Published: 17 August 2015 Publication History

Abstract

There are several mechanisms by which users can gain insight into where their packets have gone, but no mechanisms allow users undeniable proof that their packets did not traverse certain parts of the world while on their way to or from another host. This paper introduces the problem of finding "proofs of avoidance": evidence that the paths taken by a packet and its response avoided a user-specified set of "forbidden" geographic regions. Proving that something did not happen is often intractable, but we demonstrate a low-overhead proof structure built around the idea of what we call "alibis": relays with particular timing constraints that, when upheld, would make it impossible to traverse both the relay and the forbidden regions.

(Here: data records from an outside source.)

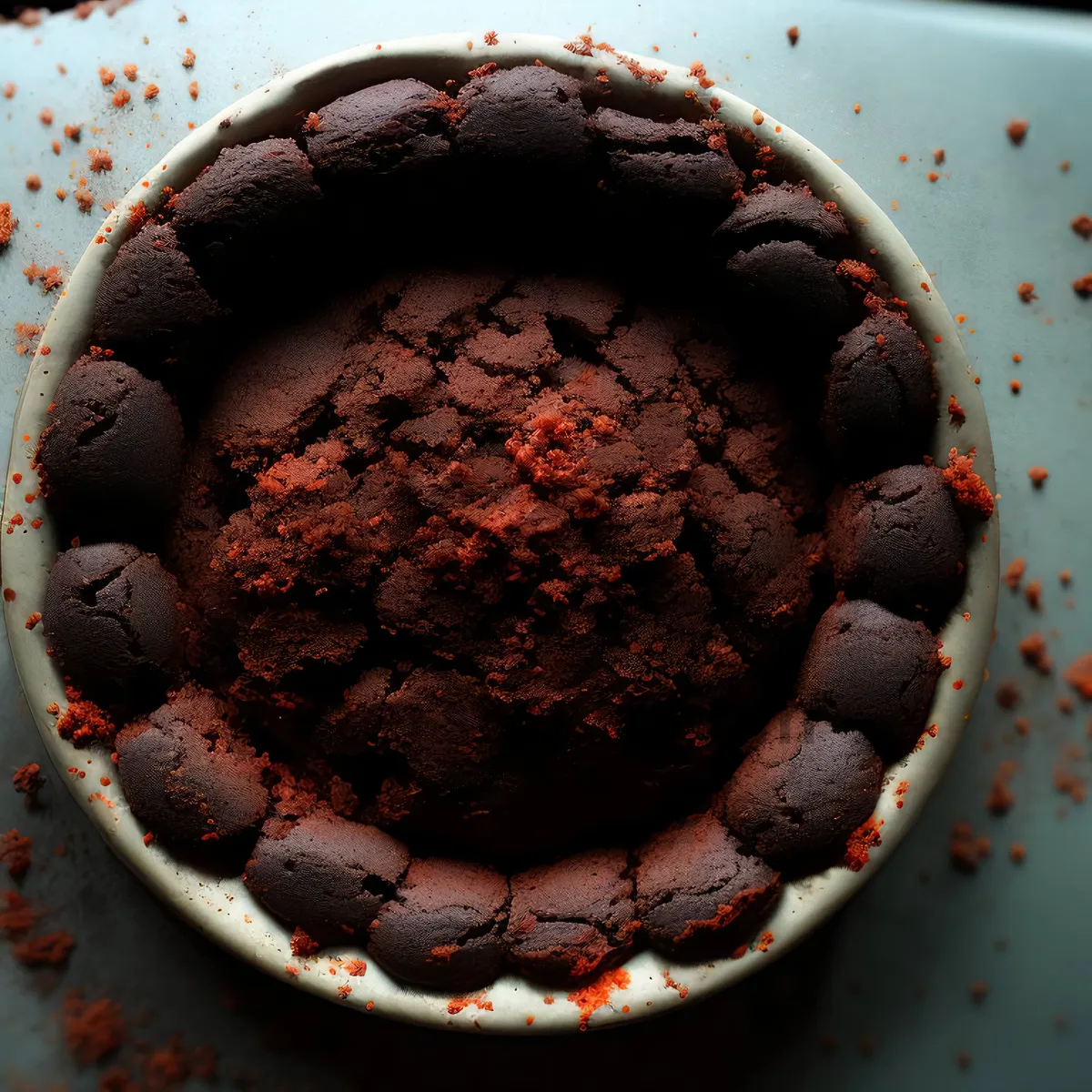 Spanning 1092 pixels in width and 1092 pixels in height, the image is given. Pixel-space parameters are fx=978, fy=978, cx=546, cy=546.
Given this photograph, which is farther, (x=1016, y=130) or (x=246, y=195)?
(x=1016, y=130)

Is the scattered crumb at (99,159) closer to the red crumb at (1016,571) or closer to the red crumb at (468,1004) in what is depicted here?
the red crumb at (468,1004)

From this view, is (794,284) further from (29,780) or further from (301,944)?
(29,780)

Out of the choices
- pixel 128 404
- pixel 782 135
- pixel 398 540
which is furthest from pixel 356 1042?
pixel 782 135

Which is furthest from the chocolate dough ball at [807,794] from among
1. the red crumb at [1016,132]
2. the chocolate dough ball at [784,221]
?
the red crumb at [1016,132]

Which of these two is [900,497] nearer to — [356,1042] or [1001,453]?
[1001,453]

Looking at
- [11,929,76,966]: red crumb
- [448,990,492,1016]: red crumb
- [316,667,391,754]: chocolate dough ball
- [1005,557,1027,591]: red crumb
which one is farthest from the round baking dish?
[11,929,76,966]: red crumb

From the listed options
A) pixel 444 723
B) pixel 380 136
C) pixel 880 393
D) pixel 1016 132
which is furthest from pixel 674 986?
pixel 1016 132

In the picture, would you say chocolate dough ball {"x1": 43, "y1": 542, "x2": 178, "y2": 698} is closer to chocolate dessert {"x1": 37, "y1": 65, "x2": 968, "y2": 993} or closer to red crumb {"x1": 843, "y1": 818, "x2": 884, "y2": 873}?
chocolate dessert {"x1": 37, "y1": 65, "x2": 968, "y2": 993} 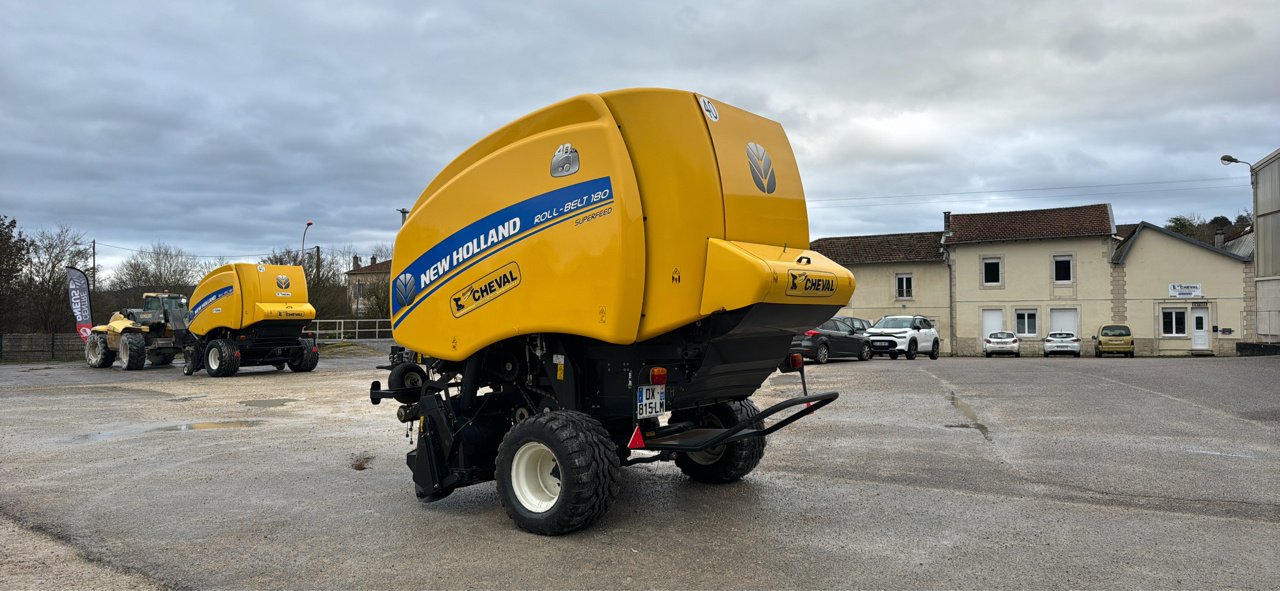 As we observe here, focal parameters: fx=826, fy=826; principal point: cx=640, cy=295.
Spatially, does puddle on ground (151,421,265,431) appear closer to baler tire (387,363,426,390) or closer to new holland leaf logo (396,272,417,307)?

We present Alibi Routing, a peer-to-peer overlay routing system for finding alibis securely and efficiently. One of the primary distinguishing characteristics of Alibi Routing is that it does not require knowledge of--or modifications to--the Internet's routing hardware or policies. Rather, Alibi Routing is able to derive its proofs of avoidance from user-provided GPS coordinates and speed of light propagation delays. Using a PlanetLab deployment and larger-scale simulations, we evaluate Alibi Routing to demonstrate that many source-destination pairs can avoid countries of their choosing with little latency inflation. We also identify when Alibi Routing does not work: it has difficulty avoiding regions that users are very close to (or, of course, inside of).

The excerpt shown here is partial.